Mortgage Daily

Published On: January 26, 2006
Rates, Apps Up

Average 30-year fixed rate 6.12%

January 26, 2006

By COCO SALAZAR

photo of Coco Salazar
Traffic continued to increase at mortgage shops, while rates started the upward path they are expected to follow throughout the year.

Departing from a six-consecutive-week decline, the 30-year fixed-rate mortgage average rose 2 basis points from last week to 6.12%, according to Freddie Mac’s Primary Mortgage Market Survey announced today.
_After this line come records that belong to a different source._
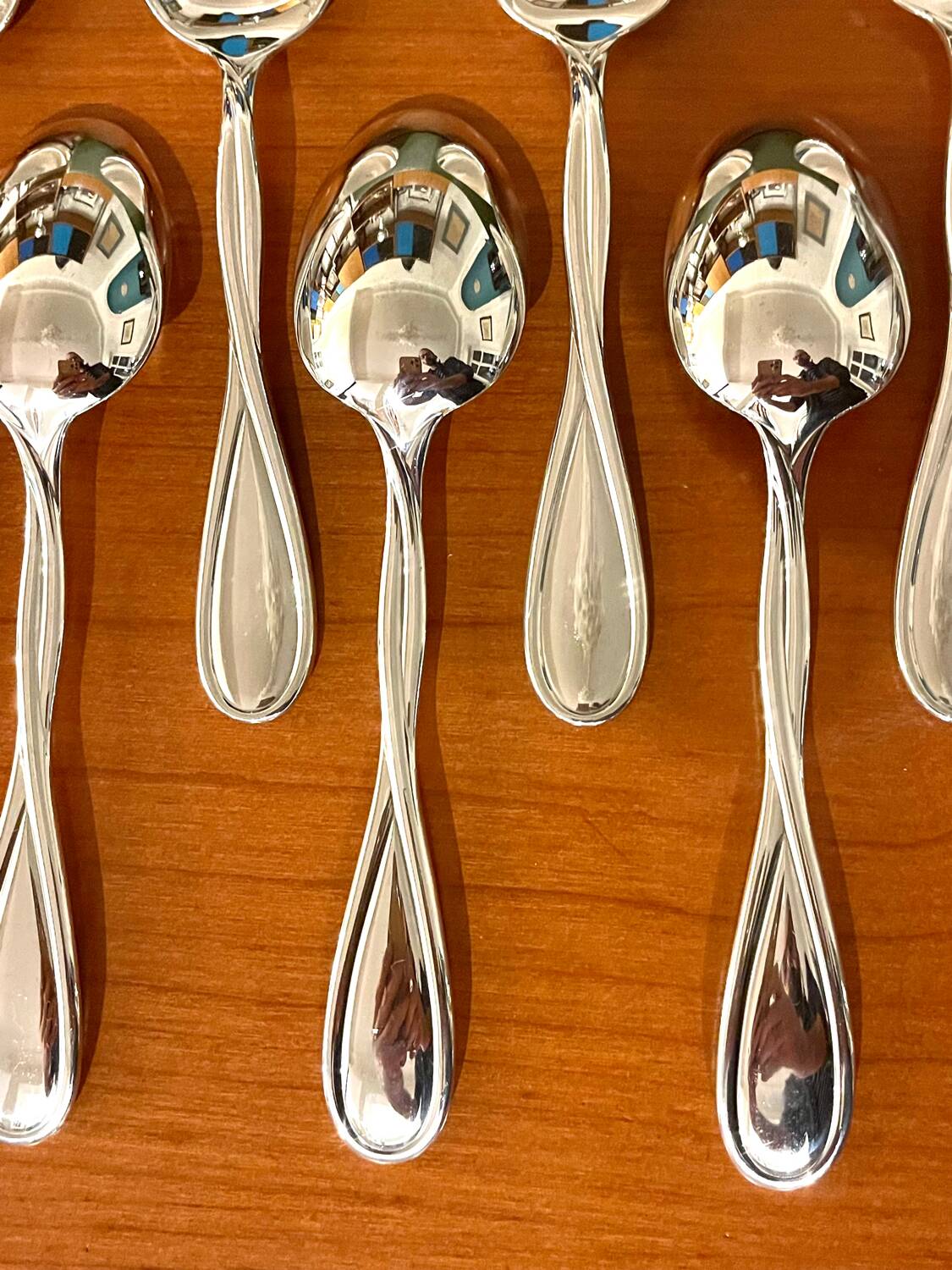 Christofle galea, 8 standard 19 cm spoons in very good condition.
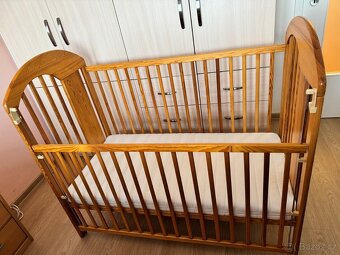 Dětská dřevěná postýlka 120 x 60 cm - 3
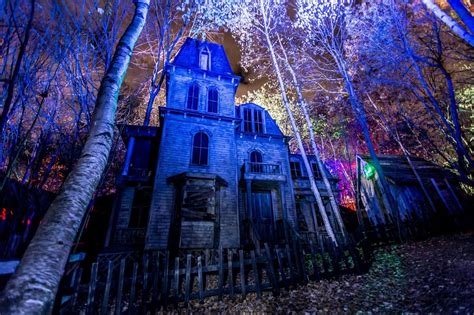More Amazing Images Here Haunting Haunted Places Haunted Attractions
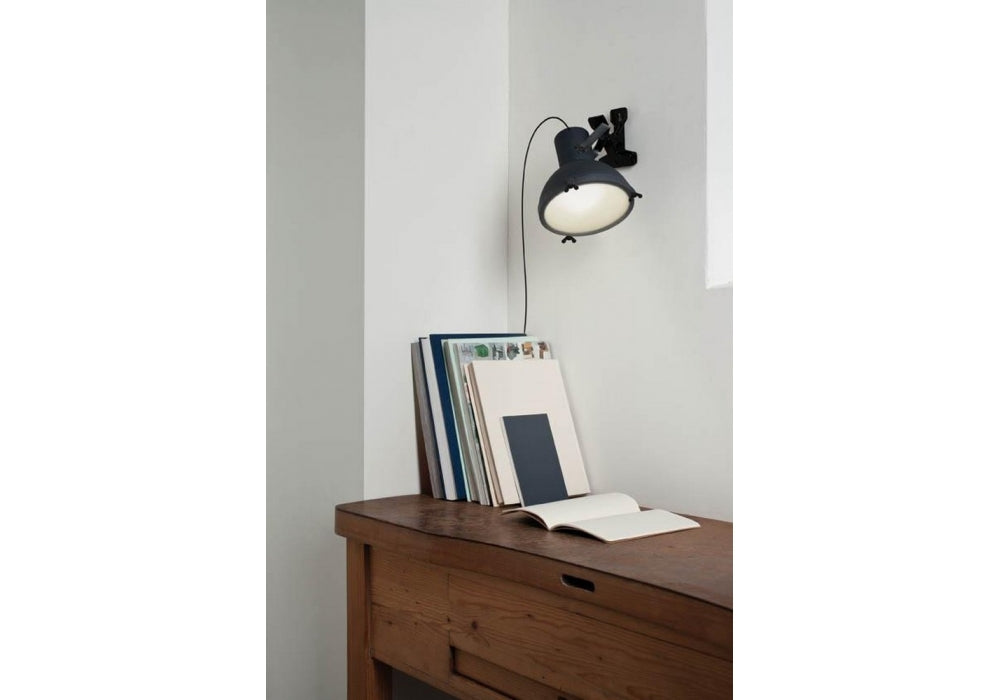study light high end designed by le Corbusier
“The miniscule rise in mortgage rates this week most likely reflects market expectations that the Federal Reserve … will once again raise rates next week,” explained Frank Nothaft, Freddie chief economist, in a written statement. “At the beginning of last week, financial markets priced in a 90 percent probability that the Fed would increase short-term rates. Today, the odds are statistically certain.”
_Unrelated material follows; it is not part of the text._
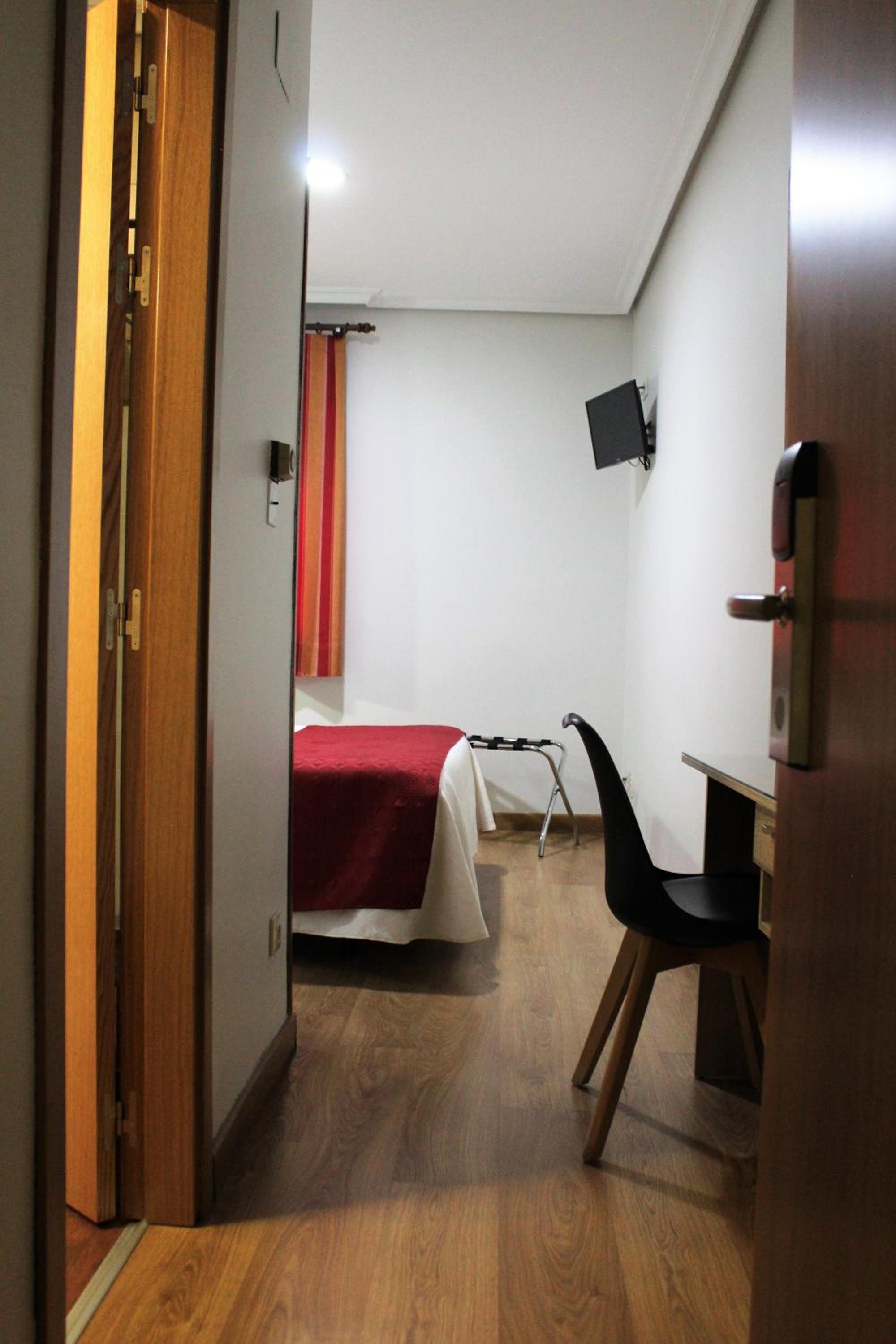 Double Room - Photo 20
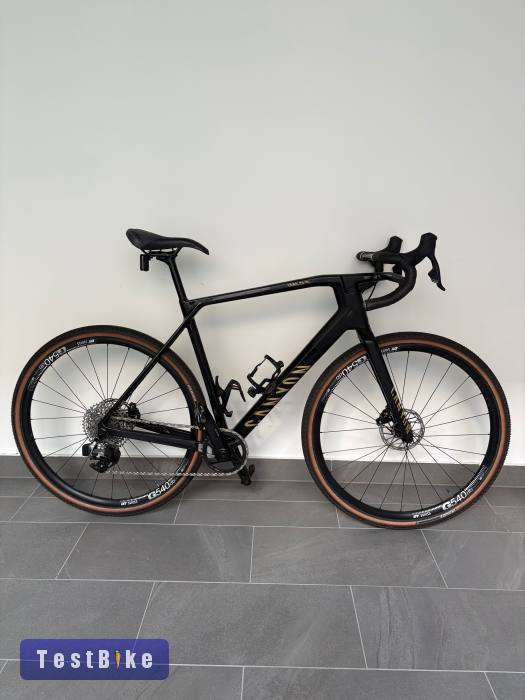 Canyon Grail karbon gravel rival AXS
The Mortgage Bankers Association’s latest long-term mortgage finance forecast has the 30-year averaging 6.3% through midyear, at 6.4% thereafter until falling back to 6.3% at year-end 2007, and all the way down to 6.0% by the third quarter 2008 before starting upward again.

The mortgage “experts” surveyed by Bankrate.com suggested that prospects lock their rates, as no one in the panel of 100 believe rates will decrease over the next 30 to 45 days, but 60% foresee a rise and the remaining 40% expect them to remain unchanged.
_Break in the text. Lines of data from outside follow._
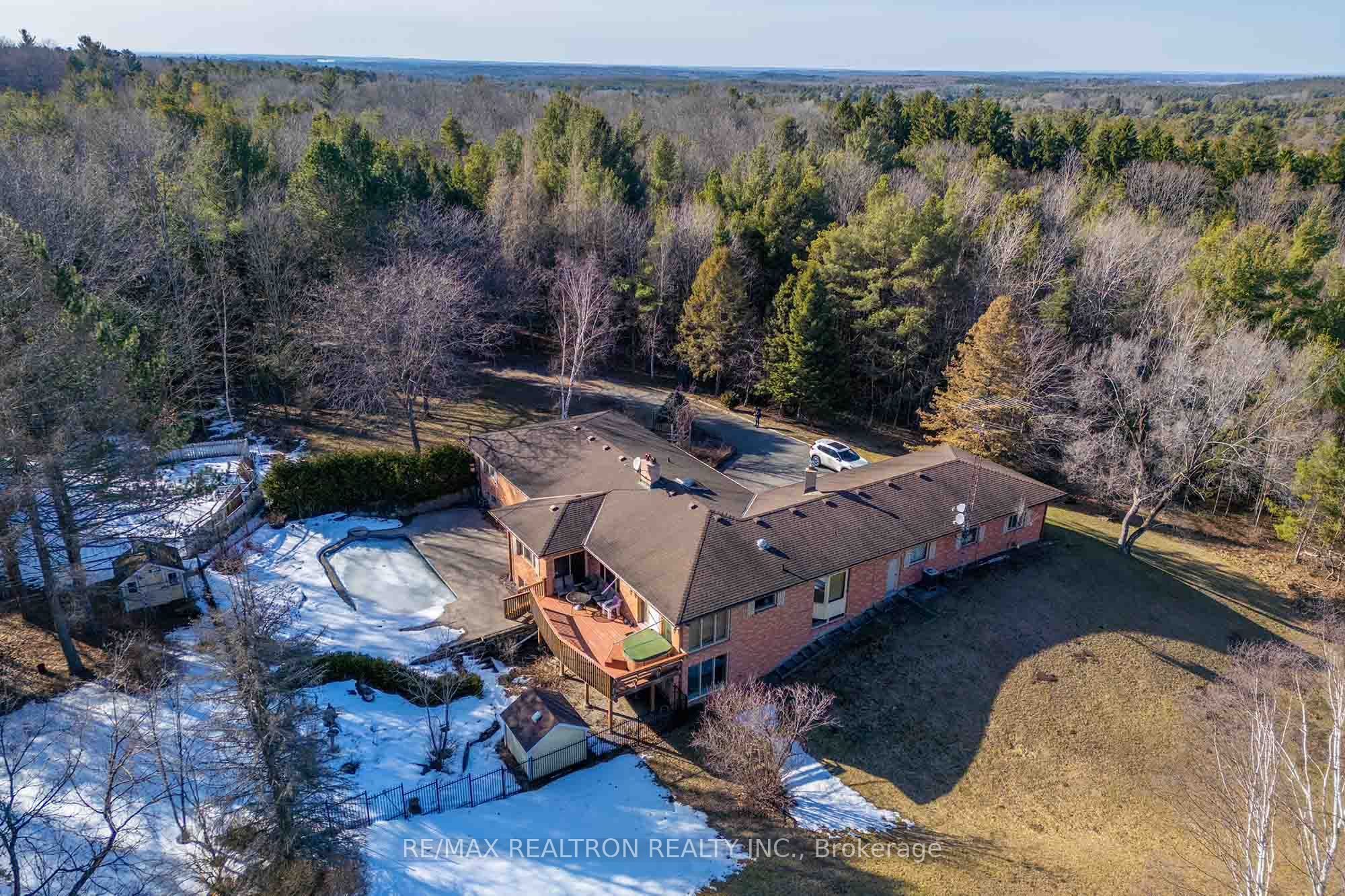 16271 Highway 48 Property Photo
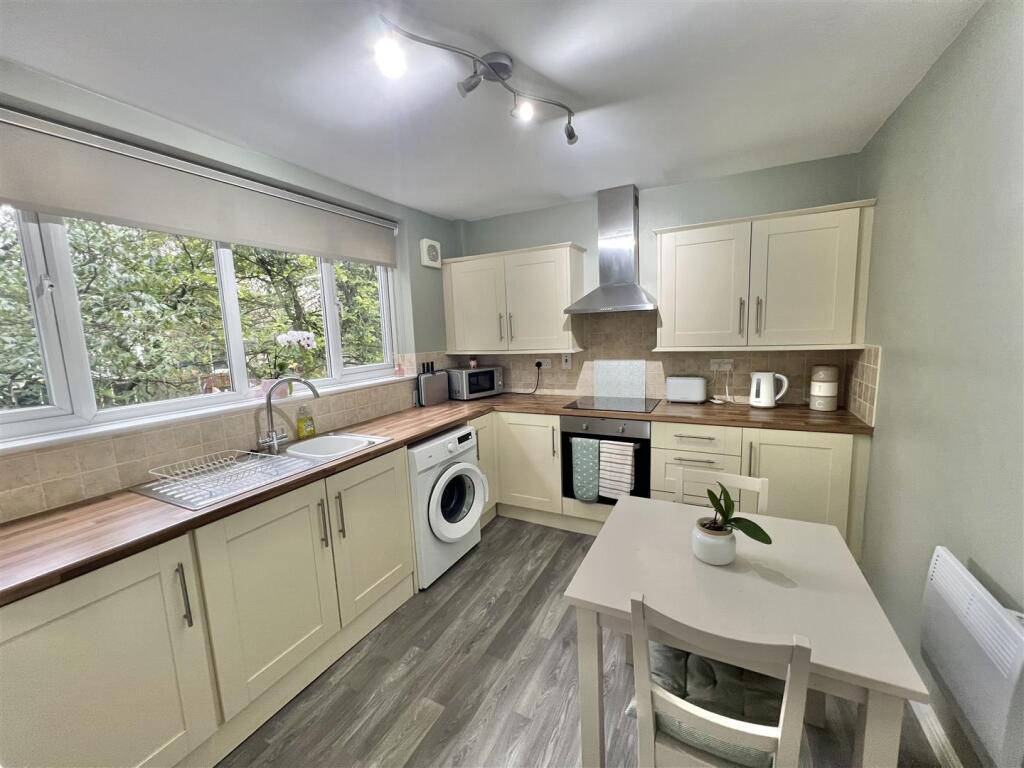 Rosebay Court, Darlington photo 2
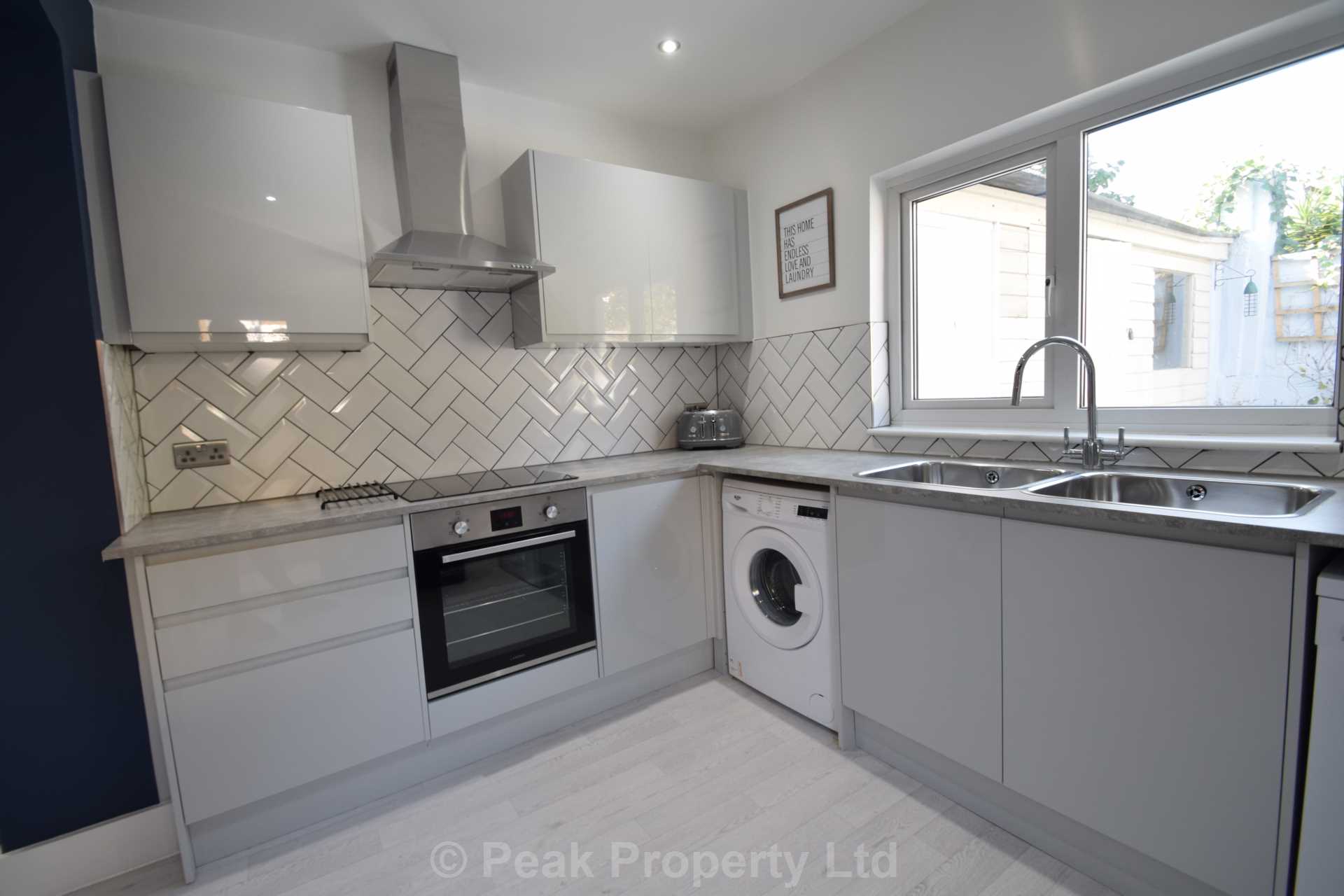 EN-SUITE AVAILABLE FROM 10TH MARCH- BALMORAL ROAD - ROOM 4, Image 5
Up 3 BPS from a week ago, Freddie said the average for the 15-year came in at 5.70%.

Last year at this time, the reported spread between the 30-year and 15-year average was 10 BPS wider than the current 0.42% spread.

The 5-year Treasury-indexed hybrid adjustable-rate mortgage average remained at 5.75% this week, Freddie said.

The 1-year Treasury-indexed ARM average reportedly ticked up 2 BPS to 5.20% this week, Freddie reported. The 1-year Treasury bill yield itself jumped 9 BPS from 1 week prior to 4.51% Wednesday, the Federal Reserve said.

MBA predicts that the 1-year ARM will stay at its current average this quarter and end the year at 5.5%, where it will remain until it begins descending in the fourth quarter 2007.

ARMs currently comprise 30% of total mortgage applications, MBA said.

Overall application volume improved from the prior week, as has been the case for three consecutive weeks now. The latest application activity upturn of nearly 8% reflects a 7% increase in demand for purchase money and an 8% boost in refinance requests. The refinance share, however, slipped from the prior week to 43% of total applications, MBA reported.

MBA expects purchase originations to total a record $1.49 trillion for 2005 and refinances to drop about 12% to make up the remainder of the projected $2.79 trillion total mortgage production — slightly above 2004’s level of $2.77 trillion.

For 2006, MBA predicts total volume will drop 20% as rising mortgage rates will shrink refinance originations by about 40%, and “a modest projected decline in home sales this year and still-healthy home price appreciation” will contribute to a 3% decrease in purchase fundings.